Legend has it that the first time Albert Hadley met Sister Parish, she answered the door in stocking feet and asked him to help zip up her dress. This encounter was later described as the “biggest explosion in 20th-century decorating,” since it ultimately led to the establishment, in 1964, of Parish-Hadley, a design firm whose client list included Kennedys, Gettys, Rockefellers, and Astors. The partnership of this glamorous odd couple—he was more minimal, she was not—lasted for more than 30 years, until Parish’s death in 1994. (Hadley continued working until the year before his death, in 2012.)
Parish-Hadley rooms were decorated with a capital D, so it might surprise those familiar with the firm’s work to see a collection that reads somewhat casual. The Albert pattern, for example, is based on a wallpaper the late designer used in his own apartment and looks like little blobs of paint. “Albert’s designs would focus on architecture with a touch of whimsy, and that’s how this tile reads for us,” Crater tells AD PRO. Similarly, Desmond was originally a wallpaper that Hadley used in the entry hall of his home in Southport, Connecticut.
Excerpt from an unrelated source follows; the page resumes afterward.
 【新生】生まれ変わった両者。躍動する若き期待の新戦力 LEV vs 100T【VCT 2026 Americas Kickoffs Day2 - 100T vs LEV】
Stars feature as a favorite motif—Crater noted that Hadley often used star-shaped mirrors and was a fan of Moravian light fixtures and that the original Parish-Hadley logo included a star. Clara references lattice and wicker, two of Sister Parish’s favorites, which were previously only available to the trade in the form of a grass cloth fabric.
The collection looks hand-painted, but in reality, is silkscreened onto ceramic tiles at a workshop in Turkey. Crater believes the duo would approve of the results. “Albert and Sister really championed craft,” she says. “They loved anything that showed the work of the hand.”